Exercise objective:
Your answer should be every line of the records that contains the word "with".

Data to examine:
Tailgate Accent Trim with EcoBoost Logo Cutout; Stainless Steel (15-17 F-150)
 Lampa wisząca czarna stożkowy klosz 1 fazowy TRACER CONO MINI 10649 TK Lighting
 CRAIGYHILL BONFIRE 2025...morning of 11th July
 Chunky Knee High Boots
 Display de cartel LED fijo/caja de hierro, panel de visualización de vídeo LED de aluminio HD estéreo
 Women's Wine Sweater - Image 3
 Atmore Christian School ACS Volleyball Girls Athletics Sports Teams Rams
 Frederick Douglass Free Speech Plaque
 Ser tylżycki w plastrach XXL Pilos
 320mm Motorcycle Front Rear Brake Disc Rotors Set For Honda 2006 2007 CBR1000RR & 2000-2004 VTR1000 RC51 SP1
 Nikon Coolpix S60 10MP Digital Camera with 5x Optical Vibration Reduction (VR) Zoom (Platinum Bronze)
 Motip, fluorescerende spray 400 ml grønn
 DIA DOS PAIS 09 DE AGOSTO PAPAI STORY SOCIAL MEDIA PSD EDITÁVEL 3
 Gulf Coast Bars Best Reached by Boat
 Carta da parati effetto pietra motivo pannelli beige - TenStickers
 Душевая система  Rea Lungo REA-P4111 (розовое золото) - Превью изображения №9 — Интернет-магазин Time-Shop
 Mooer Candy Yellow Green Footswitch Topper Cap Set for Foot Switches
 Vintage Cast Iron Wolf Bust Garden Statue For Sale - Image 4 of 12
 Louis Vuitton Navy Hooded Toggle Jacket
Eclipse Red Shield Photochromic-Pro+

Response area:
Tailgate Accent Trim with EcoBoost Logo Cutout; Stainless Steel (15-17 F-150)
 Nikon Coolpix S60 10MP Digital Camera with 5x Optical Vibration Reduction (VR) Zoom (Platinum Bronze)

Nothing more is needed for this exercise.